À ce stade, l’enfant manie des rectangles et éventuellement le nomme mais il n’est guère capable d’en parler et d’expliquer ses caractéristiques. Si on lui demande « c’est quoi ? », il répondra « c’est pour … ». À la question « c’est comment ? », il va mimer le rectangle ou le dessiner à main levée.

C’est donc une connaissance qui fonctionne avec une incapacité ou une maladresse dans l’expression. C’est ce qu’on désigne par préconcept.

Les préconcepts fonctionnent essentiellement dans le cadre d’une intelligence des situations. Dans les exemples donnés ci-dessus, on parle de rectangle mais l’attention reste portée sur les objets qui sont en forme de rectangle.

Les objets mentaux

À un deuxième niveau, le rectangle s’installe davantage dans la conscience et le langage. Il est regardé pour lui-même : il est nommé et on parle de côtés horizontaux ou verticaux, de côtés égaux, d’angles droits. Ces caractéristiques sont dégagées des multiples objets familiers qui ont la même forme. Pouvoir les nommer manifeste un degré d’organisation mentale plus complexe. Le langage utilisé pour caractériser le rectangle n’est pas nécessairement un langage mathématique précis.

Ce niveau de connaissance prend sa source dans les expériences sensori-motrices du stade précédent accompagnées de mise en mots pris d’une part dans le registre du quotidien (coin, bords, …) et d’autre part dans le langage mathématique (angle, côtés, …). Ainsi les enfants utiliseront d’abord indifféremment un langage ou l’autre, puis associeront petit à petit coin et angle, bords et côtés, comme des rails et parallèles, comme un fil tendu et droite, …

On appelle objets mentaux, les concepts mobilisés à ce niveau d’activité intellectuelle. Connaître les concepts mathématiques au niveau d’objets mentaux permet de comprendre ce dont on parle et de s’en servir tant qu’on n’attend pas de raisonnement logique formel.

Les concepts formels

Dans les mathématiques constituées, chaque objet est dégagé des objets sensibles qui l’ont fait naître ; il a une existence propre et a une place dans une organisation logique.

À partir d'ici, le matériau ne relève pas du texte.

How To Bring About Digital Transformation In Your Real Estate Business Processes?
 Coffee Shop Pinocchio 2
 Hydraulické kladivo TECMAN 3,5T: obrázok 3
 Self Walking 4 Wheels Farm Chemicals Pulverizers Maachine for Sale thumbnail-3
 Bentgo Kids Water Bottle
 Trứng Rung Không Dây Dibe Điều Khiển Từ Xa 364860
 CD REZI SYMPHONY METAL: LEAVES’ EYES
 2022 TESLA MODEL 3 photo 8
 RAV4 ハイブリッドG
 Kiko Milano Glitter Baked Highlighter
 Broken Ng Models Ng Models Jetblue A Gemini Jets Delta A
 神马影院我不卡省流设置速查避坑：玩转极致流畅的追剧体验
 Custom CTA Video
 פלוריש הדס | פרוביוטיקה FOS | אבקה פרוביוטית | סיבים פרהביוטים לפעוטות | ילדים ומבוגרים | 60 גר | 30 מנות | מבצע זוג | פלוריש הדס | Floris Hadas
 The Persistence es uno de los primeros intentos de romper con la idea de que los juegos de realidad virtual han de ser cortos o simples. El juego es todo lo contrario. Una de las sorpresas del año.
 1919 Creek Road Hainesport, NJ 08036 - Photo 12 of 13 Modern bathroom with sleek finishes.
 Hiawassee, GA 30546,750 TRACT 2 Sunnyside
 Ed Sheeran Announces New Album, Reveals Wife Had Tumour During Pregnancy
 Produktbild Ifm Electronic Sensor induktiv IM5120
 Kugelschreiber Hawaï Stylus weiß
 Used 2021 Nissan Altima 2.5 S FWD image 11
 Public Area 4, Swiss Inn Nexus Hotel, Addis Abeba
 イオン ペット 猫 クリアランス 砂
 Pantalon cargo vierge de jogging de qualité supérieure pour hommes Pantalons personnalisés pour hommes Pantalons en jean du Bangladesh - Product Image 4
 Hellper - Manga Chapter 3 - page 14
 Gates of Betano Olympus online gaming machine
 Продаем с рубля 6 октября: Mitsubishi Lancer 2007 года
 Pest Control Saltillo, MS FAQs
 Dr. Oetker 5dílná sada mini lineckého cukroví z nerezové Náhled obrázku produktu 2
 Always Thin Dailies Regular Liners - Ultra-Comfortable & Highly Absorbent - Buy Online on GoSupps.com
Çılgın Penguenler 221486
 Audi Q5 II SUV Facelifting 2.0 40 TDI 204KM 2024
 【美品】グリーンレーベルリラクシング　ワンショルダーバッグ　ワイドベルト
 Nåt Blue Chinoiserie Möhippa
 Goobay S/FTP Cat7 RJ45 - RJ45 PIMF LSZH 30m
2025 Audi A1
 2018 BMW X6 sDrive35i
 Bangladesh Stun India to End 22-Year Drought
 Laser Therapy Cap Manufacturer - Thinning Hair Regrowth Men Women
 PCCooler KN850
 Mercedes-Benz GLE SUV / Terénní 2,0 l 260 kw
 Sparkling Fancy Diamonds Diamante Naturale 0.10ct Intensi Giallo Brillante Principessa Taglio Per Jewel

Ainsi, pour définir le rectangle, il faudra auparavant avoir défini points, droites et segments de droite, polygones, angles droits. Le rectangle est alors défini comme un polygone à quatre côtés dont les quatre angles sont droits.

Conclusion

Il ne faut pas croire que, dans le parcours d’apprentissage, le passage d’un niveau au suivant remplace le précédent. Au contraire, chaque niveau intègre les précédents. Les trois niveaux des concepts sont sollicités dans la pensée mathématique : les deux premiers sont sources d’images et d’intuition et le troisième fournit des instruments de rigueur. À l’école, les trois niveaux doivent être exercés. C’est ainsi qu’il ne faut pas craindre d’entendre des enfants (même grands !) utiliser un vocabulaire géométrique issu du quotidien dans la mesure où cela leur permet de s’expliquer et d’argumenter.